An einer anderen Stelle im Buch wird Baron ein Bürojob prophezeit. Seinem Bruder wird das Los des Bauarbeiters zugeschrieben. So kam es dann auch. Es ist, als wäre Barons Weg vorgezeichnet gewesen, als würde er nach einem verfassten Drehbuch leben, in dem andere darüber entscheiden, was aus ihm wird und wie er sich entwickelt. Mit diesem Schicksal ist er allerdings nicht allein. Genau so wenig, wie Baron sich dem ihm zugeschriebenen Anderssein widersetzen kann, so wenig konnte sein Vater sich jemals gegen die gesellschaftliche Stigmatisierung zur Wehr setzen.

(K)ein Leben auf dem Bau

Wie an den beinah endlosen Texten und politischen Ergüssen auf diesem Blog unschwer zu erkennen ist, fühle auch ich mich im sicheren Umfeld des Büros am wohlsten. Auf dem Bau habe ich nichts verloren. Und das obwohl mein Vater Zeit seines Lebens auf den Baustellen der Region geschuftet hat. Der mir gezeigt hat, wie wichtig und ehrenvoll anständige Arbeit ist. Bei rumgekommen ist trotzdem viel zu wenig dafür.

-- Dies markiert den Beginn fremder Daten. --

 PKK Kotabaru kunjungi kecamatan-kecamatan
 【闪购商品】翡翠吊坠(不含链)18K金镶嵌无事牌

Baron sieht es offenbar ähnlich und so spürt er eine geistige Verbindung zu seiner Tante Ella, die reichlich spät im Buch erwähnt wird. Wie er wollte sie sich niemals damit abfinden, trotz Arbeit arm zu sein. Sie entzog sich diesem Schicksal durch Heirat. Baron macht es durch Fleiß. Glück haben sie in unserem Land beide dazu gebraucht. Und das ist eine Schande.

Die Suche nach der Wahrheit

Anders als viele andere mit einer ähnlichen Biografie verortet sich Baron politisch ausdrücklich links. Er ist besonders solidarisch veranlagt, kritisiert das kapitalistische System, sieht sich als Weltverbesserer und folgt einer Idee von Gerechtigkeit, die zuweilen das wesentliche übersieht. Mit seiner Vorgeschichte hätte er auch sehr weit rechts landen können. Doch das kam für den Autor nicht in Frage, auch wenn sein Onkel nichts unversucht ließ, Baron die „Begeisterung für den Sozialismus“ auszutreiben.

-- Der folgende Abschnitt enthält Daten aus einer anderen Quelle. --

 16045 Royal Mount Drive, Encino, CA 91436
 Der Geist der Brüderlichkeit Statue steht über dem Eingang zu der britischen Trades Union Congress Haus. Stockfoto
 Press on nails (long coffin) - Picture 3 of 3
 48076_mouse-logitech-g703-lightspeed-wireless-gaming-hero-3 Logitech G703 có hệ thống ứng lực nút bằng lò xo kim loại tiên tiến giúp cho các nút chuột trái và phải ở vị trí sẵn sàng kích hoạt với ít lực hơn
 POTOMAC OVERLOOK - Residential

Baron gibt sich nicht mit einfachen Antworten zufrieden. Er sucht nach der Wahrheit. Die glaubt er auf der rechten Seite der Politik nicht finden zu können. Und das sehe ich genauso. Das Streben nach dem Wahren trieb ihn schließlich in ein Germanistikstudium. Hätte er nicht wenigstens gut in Mathe sein können? An dieser Stelle hatte ich eher das Gefühl, einen Spiegel in der Hand zu halten als ein Buch.

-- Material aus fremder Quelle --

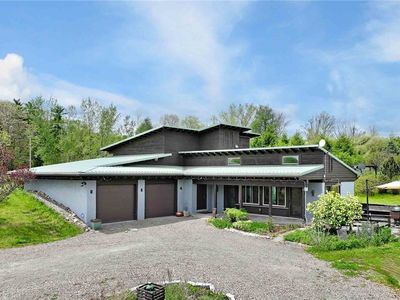 110 Van Ostrand Rd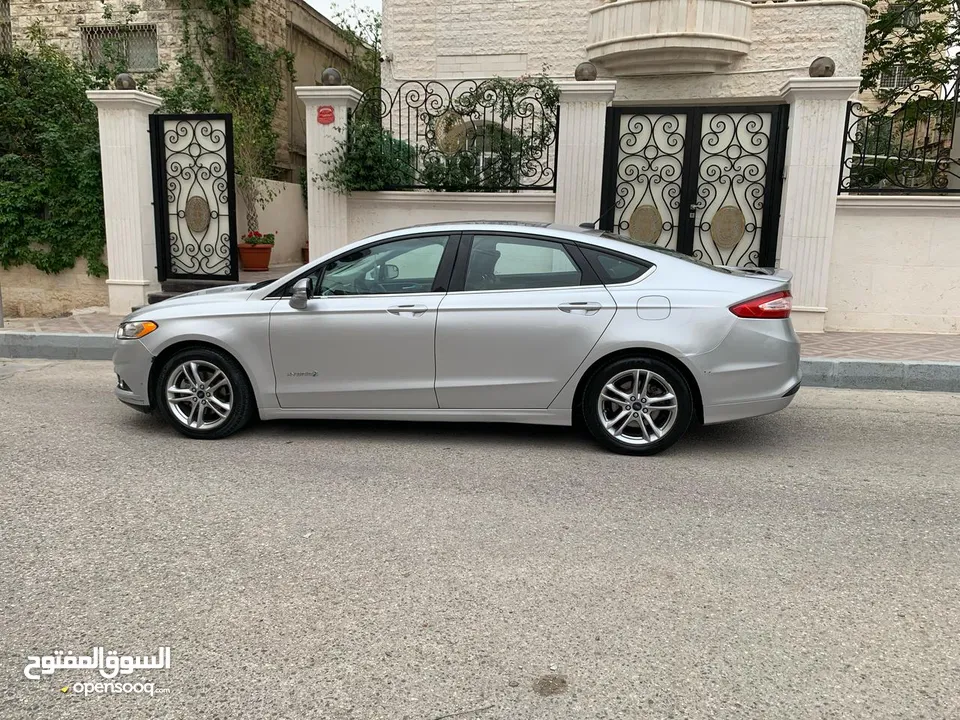 فورد فيوجن هايبرد موديل2016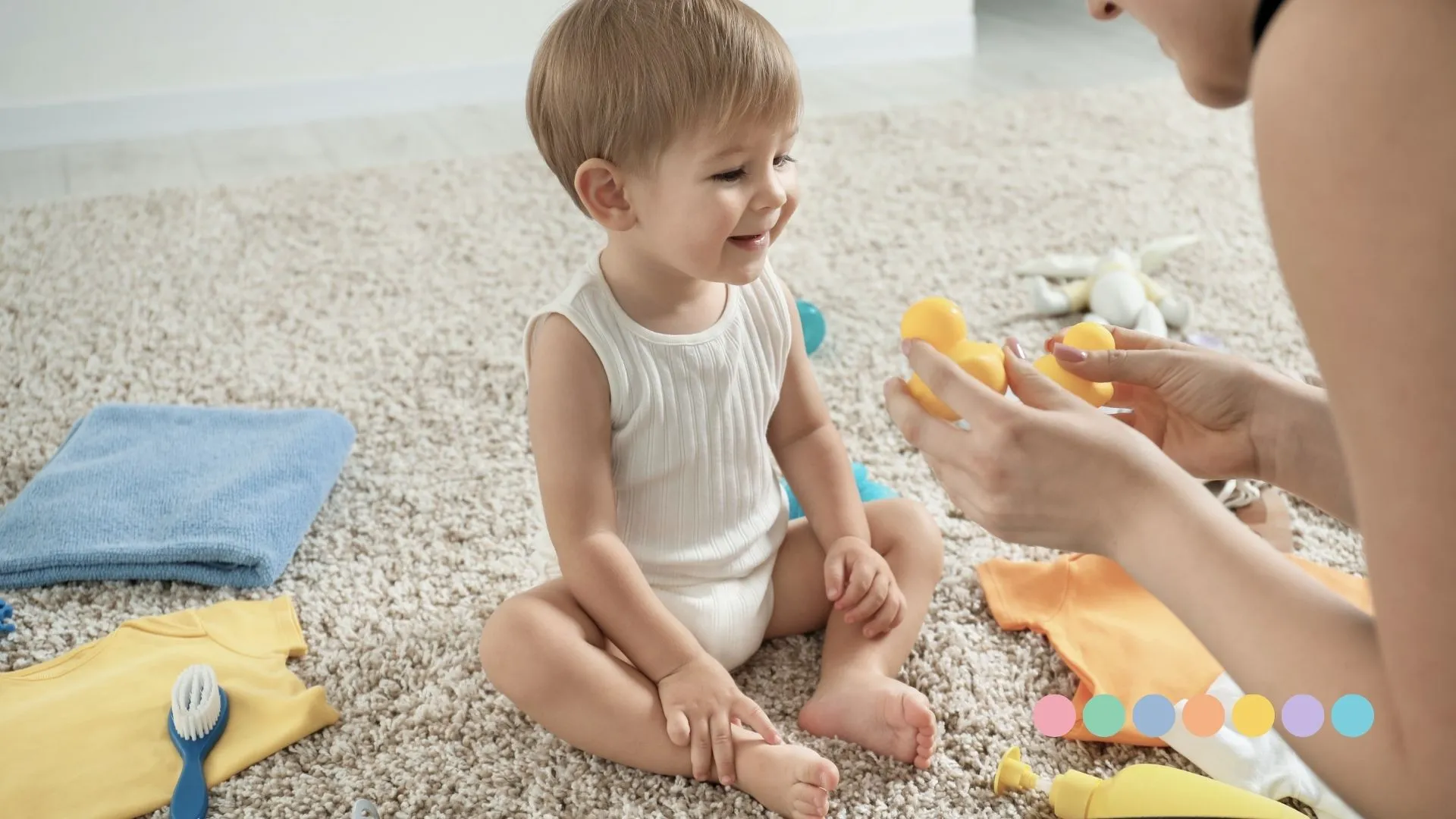 Rana intervencija kod dece sa autizmom – beba kroz igru razvija komunikaciju i socijalne veštine uz podršku odrasle osobe.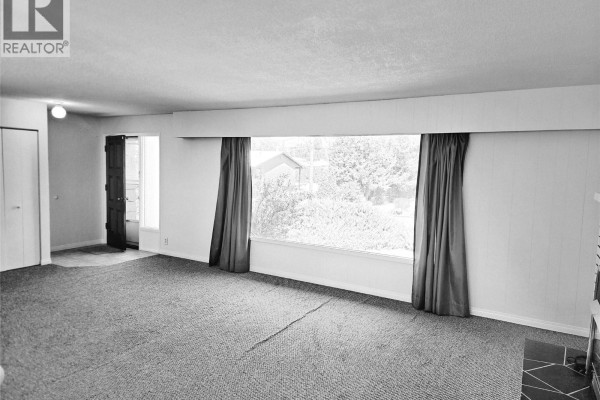 Foyer - 723 3rd Avenue, Keremeos, BC V0X1N2 Photo 5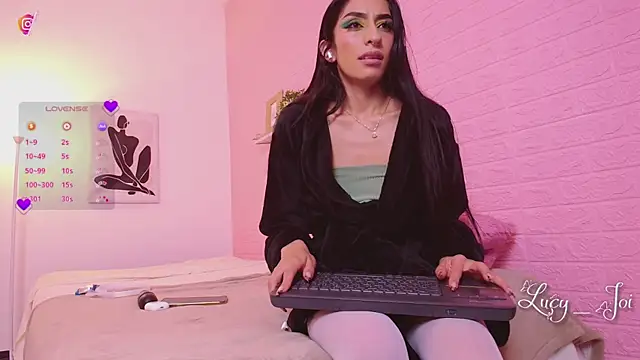 Lucyanajoi webcam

Letztendlich verlief Barons Leben ähnlich wie das von vielen. Von zu vielen. Mit unerbittlicher Authentizität legt er sein Leben offen. Er zeigt auf, dass vieles nicht auf Leistung, sondern auf Vorbestimmung zurückzuführen ist. Dass er einer der wenigen glücklichen Einzelfälle ist, denen es gelang, die fast unüberwindbaren Mauern des sozialen Gefälles zu überwinden. Barons Buch macht Mut, doch mahnt auch zugleich, die benachteiligten in der Gesellschaft nicht aus den Augen zu verlieren. Denn sie alle haben ihre Geschichten.